(Collection entries)
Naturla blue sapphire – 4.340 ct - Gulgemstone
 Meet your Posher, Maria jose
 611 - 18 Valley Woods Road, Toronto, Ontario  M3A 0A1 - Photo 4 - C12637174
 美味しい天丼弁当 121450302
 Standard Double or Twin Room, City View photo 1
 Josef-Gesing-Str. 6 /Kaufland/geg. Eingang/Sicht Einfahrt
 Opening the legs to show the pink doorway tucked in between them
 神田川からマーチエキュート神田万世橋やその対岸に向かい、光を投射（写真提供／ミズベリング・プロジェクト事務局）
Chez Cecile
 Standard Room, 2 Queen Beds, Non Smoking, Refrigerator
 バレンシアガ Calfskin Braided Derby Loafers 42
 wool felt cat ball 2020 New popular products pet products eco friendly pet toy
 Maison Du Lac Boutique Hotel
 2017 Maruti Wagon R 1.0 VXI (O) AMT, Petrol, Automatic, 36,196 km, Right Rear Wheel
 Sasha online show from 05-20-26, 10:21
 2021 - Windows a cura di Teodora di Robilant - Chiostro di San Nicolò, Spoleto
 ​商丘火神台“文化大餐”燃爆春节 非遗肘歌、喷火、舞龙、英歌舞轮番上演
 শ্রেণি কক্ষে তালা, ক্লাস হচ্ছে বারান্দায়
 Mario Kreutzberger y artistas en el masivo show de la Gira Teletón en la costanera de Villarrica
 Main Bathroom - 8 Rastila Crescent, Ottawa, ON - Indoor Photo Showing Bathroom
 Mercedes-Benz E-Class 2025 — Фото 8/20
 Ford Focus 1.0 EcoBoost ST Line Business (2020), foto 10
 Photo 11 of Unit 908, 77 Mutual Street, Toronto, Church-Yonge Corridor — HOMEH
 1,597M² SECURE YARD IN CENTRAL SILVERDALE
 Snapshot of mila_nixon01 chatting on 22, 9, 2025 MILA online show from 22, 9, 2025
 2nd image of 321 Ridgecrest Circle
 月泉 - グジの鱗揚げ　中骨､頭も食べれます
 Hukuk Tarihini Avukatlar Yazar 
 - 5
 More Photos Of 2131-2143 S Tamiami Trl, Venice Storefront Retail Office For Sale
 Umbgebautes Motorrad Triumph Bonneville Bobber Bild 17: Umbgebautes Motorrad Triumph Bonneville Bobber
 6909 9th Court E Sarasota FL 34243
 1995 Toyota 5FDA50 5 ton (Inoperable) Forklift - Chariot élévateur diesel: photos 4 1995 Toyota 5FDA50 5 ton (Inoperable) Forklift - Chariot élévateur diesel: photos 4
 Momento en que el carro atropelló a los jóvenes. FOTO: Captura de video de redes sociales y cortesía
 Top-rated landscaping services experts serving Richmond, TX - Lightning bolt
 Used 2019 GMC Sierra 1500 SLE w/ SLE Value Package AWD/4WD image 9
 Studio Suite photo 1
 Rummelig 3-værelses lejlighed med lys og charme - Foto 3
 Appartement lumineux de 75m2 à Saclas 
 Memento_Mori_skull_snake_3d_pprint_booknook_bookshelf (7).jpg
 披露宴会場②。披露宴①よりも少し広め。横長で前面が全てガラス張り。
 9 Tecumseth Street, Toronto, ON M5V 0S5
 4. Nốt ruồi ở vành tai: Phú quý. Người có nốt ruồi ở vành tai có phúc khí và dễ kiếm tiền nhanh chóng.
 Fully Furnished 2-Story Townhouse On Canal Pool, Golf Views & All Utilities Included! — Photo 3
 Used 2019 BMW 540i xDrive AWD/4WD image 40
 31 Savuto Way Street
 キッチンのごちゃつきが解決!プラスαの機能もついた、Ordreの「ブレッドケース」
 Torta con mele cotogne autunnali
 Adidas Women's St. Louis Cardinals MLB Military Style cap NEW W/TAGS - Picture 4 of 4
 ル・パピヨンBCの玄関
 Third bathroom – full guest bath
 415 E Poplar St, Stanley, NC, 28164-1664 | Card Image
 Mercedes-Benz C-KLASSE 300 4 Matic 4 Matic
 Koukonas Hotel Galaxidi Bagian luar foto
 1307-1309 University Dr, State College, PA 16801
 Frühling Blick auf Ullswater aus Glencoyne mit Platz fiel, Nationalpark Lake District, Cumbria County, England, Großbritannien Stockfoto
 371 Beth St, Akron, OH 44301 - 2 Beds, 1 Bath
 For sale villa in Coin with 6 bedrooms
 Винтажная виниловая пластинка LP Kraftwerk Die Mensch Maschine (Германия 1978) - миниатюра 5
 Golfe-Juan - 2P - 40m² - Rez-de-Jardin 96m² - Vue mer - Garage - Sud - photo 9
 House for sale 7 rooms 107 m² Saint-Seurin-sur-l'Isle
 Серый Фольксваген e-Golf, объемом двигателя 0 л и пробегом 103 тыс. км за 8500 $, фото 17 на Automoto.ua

▶ _Goal of the exercise_:
Print every record above exactly as it stands.

▶ _Output for this task_:
Naturla blue sapphire – 4.340 ct - Gulgemstone
 Meet your Posher, Maria jose
 611 - 18 Valley Woods Road, Toronto, Ontario  M3A 0A1 - Photo 4 - C12637174
 美味しい天丼弁当 121450302
 Standard Double or Twin Room, City View photo 1
 Josef-Gesing-Str. 6 /Kaufland/geg. Eingang/Sicht Einfahrt
 Opening the legs to show the pink doorway tucked in between them
 神田川からマーチエキュート神田万世橋やその対岸に向かい、光を投射（写真提供／ミズベリング・プロジェクト事務局）
Chez Cecile
 Standard Room, 2 Queen Beds, Non Smoking, Refrigerator
 バレンシアガ Calfskin Braided Derby Loafers 42
 wool felt cat ball 2020 New popular products pet products eco friendly pet toy
 Maison Du Lac Boutique Hotel
 2017 Maruti Wagon R 1.0 VXI (O) AMT, Petrol, Automatic, 36,196 km, Right Rear Wheel
 Sasha online show from 05-20-26, 10:21
 2021 - Windows a cura di Teodora di Robilant - Chiostro di San Nicolò, Spoleto
 ​商丘火神台“文化大餐”燃爆春节 非遗肘歌、喷火、舞龙、英歌舞轮番上演
 শ্রেণি কক্ষে তালা, ক্লাস হচ্ছে বারান্দায়
 Mario Kreutzberger y artistas en el masivo show de la Gira Teletón en la costanera de Villarrica
 Main Bathroom - 8 Rastila Crescent, Ottawa, ON - Indoor Photo Showing Bathroom
 Mercedes-Benz E-Class 2025 — Фото 8/20
 Ford Focus 1.0 EcoBoost ST Line Business (2020), foto 10
 Photo 11 of Unit 908, 77 Mutual Street, Toronto, Church-Yonge Corridor — HOMEH
 1,597M² SECURE YARD IN CENTRAL SILVERDALE
 Snapshot of mila_nixon01 chatting on 22, 9, 2025 MILA online show from 22, 9, 2025
 2nd image of 321 Ridgecrest Circle
 月泉 - グジの鱗揚げ　中骨､頭も食べれます
 Hukuk Tarihini Avukatlar Yazar 
 - 5
 More Photos Of 2131-2143 S Tamiami Trl, Venice Storefront Retail Office For Sale
 Umbgebautes Motorrad Triumph Bonneville Bobber Bild 17: Umbgebautes Motorrad Triumph Bonneville Bobber
 6909 9th Court E Sarasota FL 34243
 1995 Toyota 5FDA50 5 ton (Inoperable) Forklift - Chariot élévateur diesel: photos 4 1995 Toyota 5FDA50 5 ton (Inoperable) Forklift - Chariot élévateur diesel: photos 4
 Momento en que el carro atropelló a los jóvenes. FOTO: Captura de video de redes sociales y cortesía
 Top-rated landscaping services experts serving Richmond, TX - Lightning bolt
 Used 2019 GMC Sierra 1500 SLE w/ SLE Value Package AWD/4WD image 9
 Studio Suite photo 1
 Rummelig 3-værelses lejlighed med lys og charme - Foto 3
 Appartement lumineux de 75m2 à Saclas 
 Memento_Mori_skull_snake_3d_pprint_booknook_bookshelf (7).jpg
 披露宴会場②。披露宴①よりも少し広め。横長で前面が全てガラス張り。
 9 Tecumseth Street, Toronto, ON M5V 0S5
 4. Nốt ruồi ở vành tai: Phú quý. Người có nốt ruồi ở vành tai có phúc khí và dễ kiếm tiền nhanh chóng.
 Fully Furnished 2-Story Townhouse On Canal Pool, Golf Views & All Utilities Included! — Photo 3
 Used 2019 BMW 540i xDrive AWD/4WD image 40
 31 Savuto Way Street
 キッチンのごちゃつきが解決!プラスαの機能もついた、Ordreの「ブレッドケース」
 Torta con mele cotogne autunnali
 Adidas Women's St. Louis Cardinals MLB Military Style cap NEW W/TAGS - Picture 4 of 4
 ル・パピヨンBCの玄関
 Third bathroom – full guest bath
 415 E Poplar St, Stanley, NC, 28164-1664 | Card Image
 Mercedes-Benz C-KLASSE 300 4 Matic 4 Matic
 Koukonas Hotel Galaxidi Bagian luar foto
 1307-1309 University Dr, State College, PA 16801
 Frühling Blick auf Ullswater aus Glencoyne mit Platz fiel, Nationalpark Lake District, Cumbria County, England, Großbritannien Stockfoto
 371 Beth St, Akron, OH 44301 - 2 Beds, 1 Bath
 For sale villa in Coin with 6 bedrooms
 Винтажная виниловая пластинка LP Kraftwerk Die Mensch Maschine (Германия 1978) - миниатюра 5
 Golfe-Juan - 2P - 40m² - Rez-de-Jardin 96m² - Vue mer - Garage - Sud - photo 9
 House for sale 7 rooms 107 m² Saint-Seurin-sur-l'Isle
 Серый Фольксваген e-Golf, объемом двигателя 0 л и пробегом 103 тыс. км за 8500 $, фото 17 на Automoto.ua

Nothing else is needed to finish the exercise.